HI, I also noticed this in the first round, and I trimmed all speech samples with trim_threshold_in_db=20, but the synthesized speech is still random when training step < 80k.

Note that the synthesized speech sounds stable after 80k in my experiments.

dathudeptrai commented 3 years ago

@ttslr Hi, seems you are an expert in this field :D. I saw you have a lot of papers about TTS :D

ttslr commented 3 years ago

@ttslr Hi, seems you are an expert in this field :D. I saw you have a lot of papers about TTS :D

Thank you! I'm just an ordinary TTS researcher. :) 😄

samuel-lunii commented 3 years ago

@dathudeptrai @ttslr

an update : I trained Tacotron2 with the correctly trimmed dataset up to 86k, and still get babbling speech, even with sentences copied from the training set as input.

My guess is that it may come from the multi-GPU training : the maximal length of the sentences in my dataset is 20s, with a sample rate of 22.05 kHz, which does not allow me to train on a single GPU without OOM.

LJSpeech maximal duration is about 10s, so I was able to train it on a single GPU. I will try to reduce the maximal length of my dataset to 10s in order to train it on single GPU, and I will let you know ! :)

samuel-lunii commented 3 years ago

@dathudeptrai @ZDisket @ttslr

Thank you all for your help ! :) So the problem came from multi-GPU training.
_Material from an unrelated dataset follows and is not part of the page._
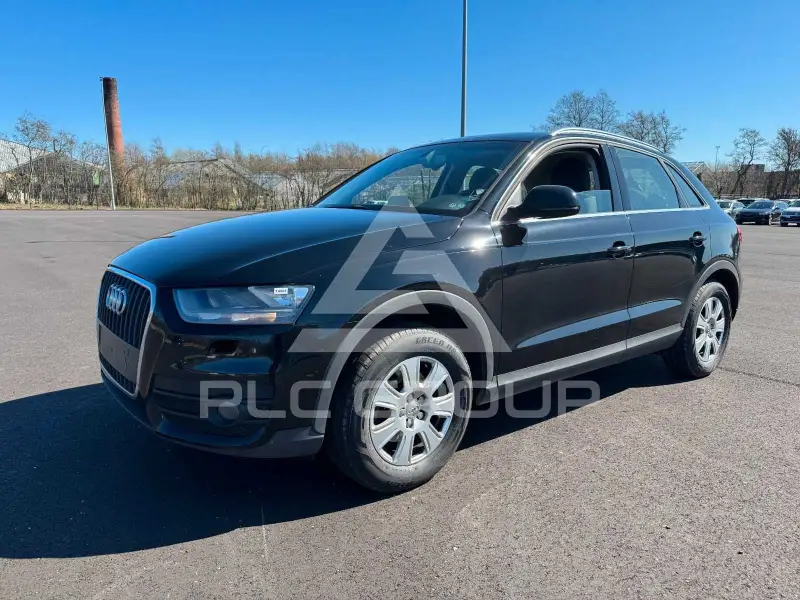 2014 Audi Q3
Single-GPU training gave much better results ! I still get a few prononciation mistakes at 92k, but it might be because I only used 20 hours of speech.
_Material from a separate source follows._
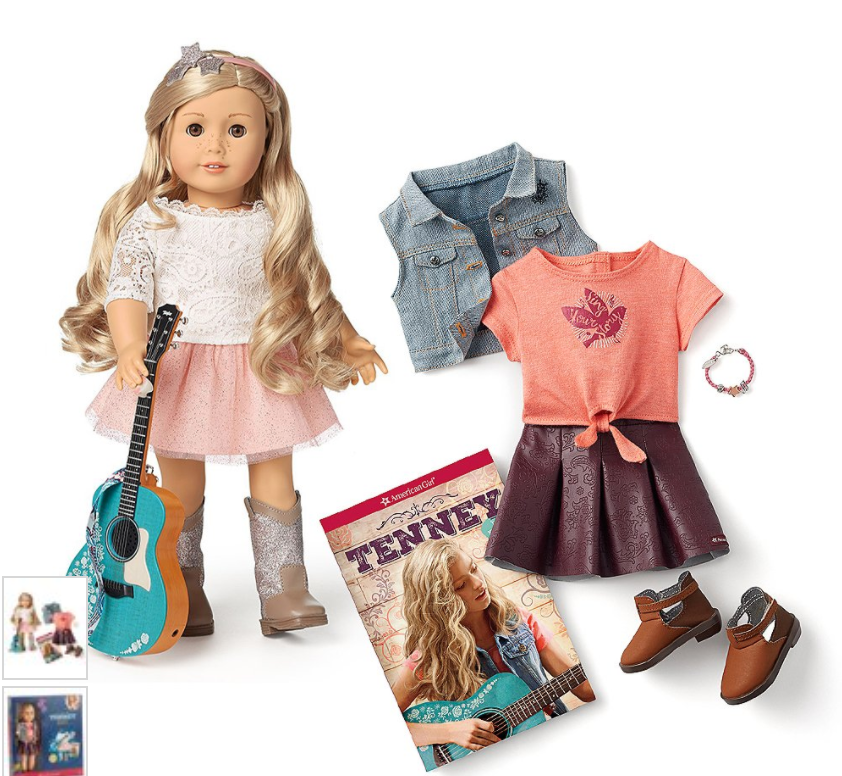 american girl doll set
Any idea of what happens during multi-GPU training ? Is the content of each sentence shuffled by accident across the GPUs, which would make the model learn incorrect speech ?
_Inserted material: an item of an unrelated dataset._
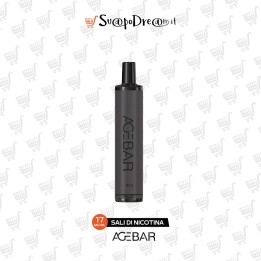 AGEBAR - Pod Mod Usa e Getta RY4 800 PUFF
dathudeptrai commented 3 years ago

@dathudeptrai @ZDisket @ttslr

Thank you all for your help ! :) So the problem came from multi-GPU training. Single-GPU training gave much better results ! I still get a few prononciation mistakes at 92k, but it might be because I only used 20 hours of speech.

Any idea of what happens during multi-GPU training ? Is the content of each sentence shuffled by accident across the GPUs, which would make the model learn incorrect speech ?

Good to know that it now worked :D. Can you share a tensorboard of multi-gpu training and single-gpu training ?, it should not be a problem :(. I tried multi-gpu many times and it's still ok, i think the problem is about a global_batch_size. I think global_batch_size should in range(32,64) for tacotron training Tacotron2.

samuel-lunii commented 3 years ago

Multi-GPU : image

Single-GPU : image

Mmmh... I changed batch_size to 8 in the conf file because I used 4 GPUs. This should give global_batch_size = 32, according to this calculation in base_trainer.py

dathudeptrai commented 3 years ago

@samuel-lunii hmm, maybe you should use batch_size = 16 or 32 in each GPU. But see the loss curve, both single-gpu and multi-gpu is still valid to me :D

samuel-lunii commented 3 years ago

But see the loss curve, both single-gpu and multi-gpu is still valid to me :D

I know ! Strange isn't it ? :)

@samuel-lunii hmm, maybe you should use batch_size = 16 or 32 in each GPU.

Yes, maybe... I think I already have good enough results with 1 GPU, so I will close the issue for now. I will let you know if I switch back to multi-GPU training.

dathudeptrai commented 3 years ago

@samuel-lunii pls consider to contribute french model if you can :D

samuel-lunii commented 3 years ago

@samuel-lunii pls consider to contribute french model if you can :D

Of course ! I already sent you an e-mail about that.